Scraping

A really simple HTML scraping DSL.

Installation

Add this line to your application's Gemfile:

gem 'scraping'

And then execute:

$ bundle

Usage

A simple example

class Person
  include Scraping
  element :name, 'h1'
end

person = Person.scrape('<h1>Millard Fillmore</h1>')
person.name #=> 'Millard Fillmore'

More complex data structures

You can also scrape arrays, objects, and arrays of objects. elements and elements_of can be deeply nested.

class YouCan
  include Scraping

  elements :scrape, '.scrape'

  sections :also_scrape, '.also-scrape li' do
    element :name, 'a'
    element :link, 'a/@href'
    elements :numbers, 'span'
  end

  section :nested_scrape do
    element :data, '.data'
  end
end

you_can = YouCan.scrape("  <p class=\"scrape\">\n    <span>Arrays</span>\n    <span>Too</span>\n  </p>\n\n  <ul class=\"also-scrape\">\n    <li>\n      <a href=\"example.com\">Meek Mill</a>\n      <span>1</span>\n      <span>2</span>\n    </li>\n    <li><a href=\"test.com\">Drake</a></li>\n  <ul>\n\n  <p class=\"data\">Beef</p>\n")

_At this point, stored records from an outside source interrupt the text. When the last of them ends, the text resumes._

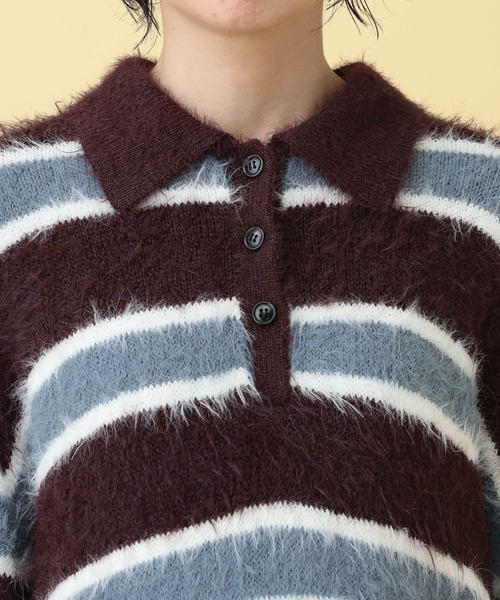 LEPSIM（レプシィム）の「【産前・産後対応】マタニティ／ラガーボーダーニット　630020（マタニティウェア/グッズ・レディース・レッド/ブラウン・FREE）」の19枚目の写真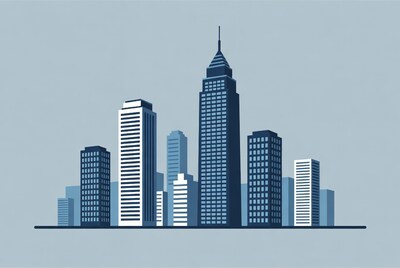 Blue Skyline Cityscape Illustration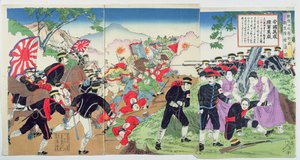 1894年から95年の日清戦争中の赤十字の看護師（カラー木版画）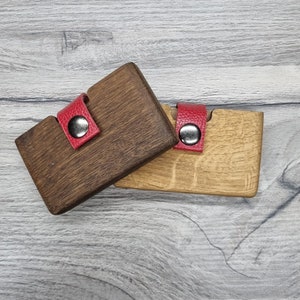 Estuche para tarjetas Tarjetero de madera Tarjetero personalizado Billetera de madera Estuche para tarjetas de visita Billetera de cuero para tarjetas de crédito Regalo personalizado con grabado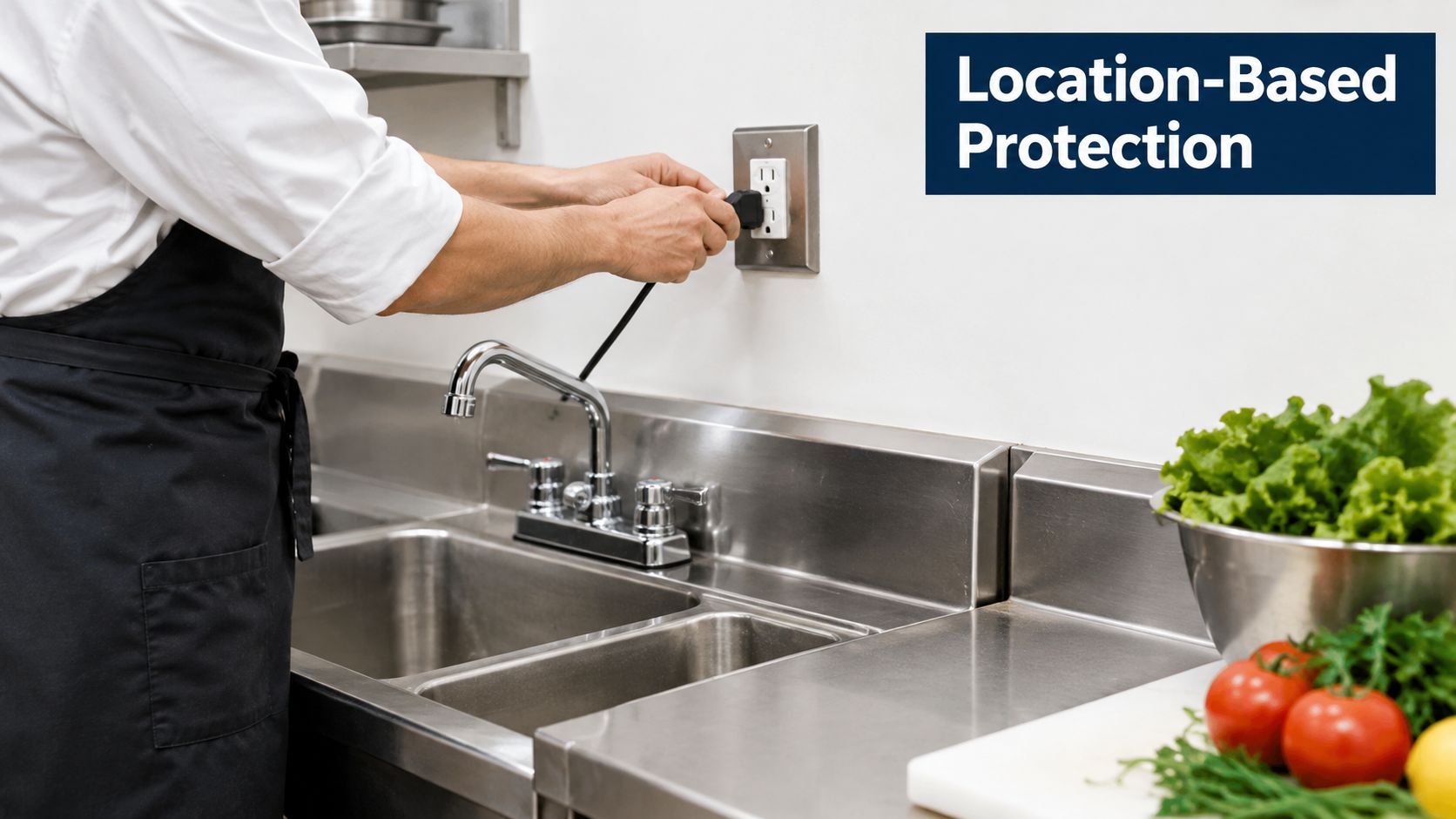 A chef plugging an electrical device into a wall outlet near a kitchen sink for safety.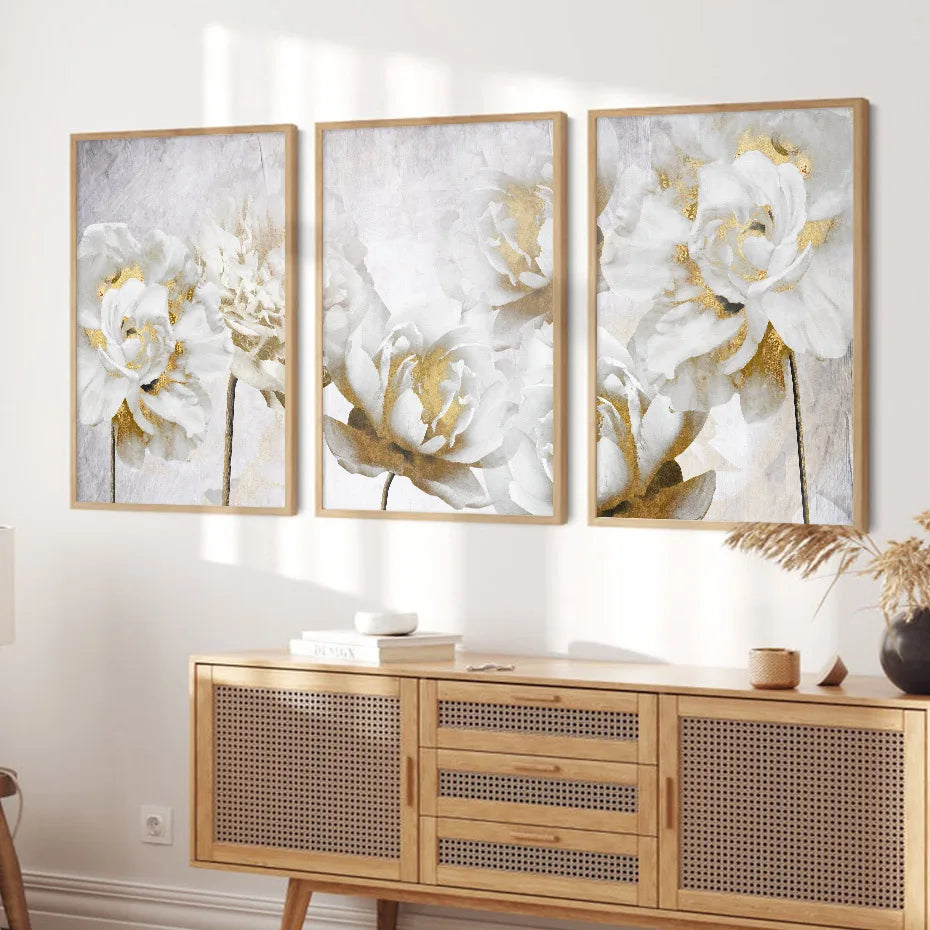 Abstract Gold White Blooming Floral Wall Art Posters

you_can.scrape #=> ['Arrays', 'Too']

you_can.also_scrape.first.name #=> 'Meek Mill'
you_can.also_scrape.first.link #=> 'example.com'
you_can.also_scrape.first.numbers #=> ['1', '2']

you_can.nested_scrape.data #=> 'Beef'

Customizing extraction

Any block given to #element will allow you to customize the value extracted from the found node.

Using as: :something would call a method named #extract_something.

class Advanced
  element :first_name, '.name' do |node|
    node.text.split(', ').first
  end

  element :birthday, '.birthday', as: :date

  elements :numbers, 'span' do |node|
    node.text.to_i * 10
  end

  private

  def extract_date(node)
    Date.parse(node.text)
  end
end

advanced = Advanced.new("  <h1 class=\"name\">Millard Fillmore</h1>\n  <h2 class=\"birthday\">7-1-1800</h2>\n  <span>1</span>\n  <span>2</span>\n")

advanced.first_name #=> 'Millard'
advanced.birthday #=> #<Date: 1800-01-07>
advanced.numbers #=> [10, 20]

HTTP

Scraping is totally agnostic of HTTP, but if you need a suggestion, check out HTTParty.

class HackerNews
  include HTTParty
  include Scraping

  base_uri 'https://news.ycombinator.com'
  elements :stories, '.athing .title > a'

  def self.scrape
    super get('/').body
  end
end

news = HackerNews.scrape
puts news.stories.inspect

Contributing

Bug reports and pull requests are welcome on GitHub at https://github.com/promptworks/scraping.

License

The gem is available as open source under the terms of the MIT License.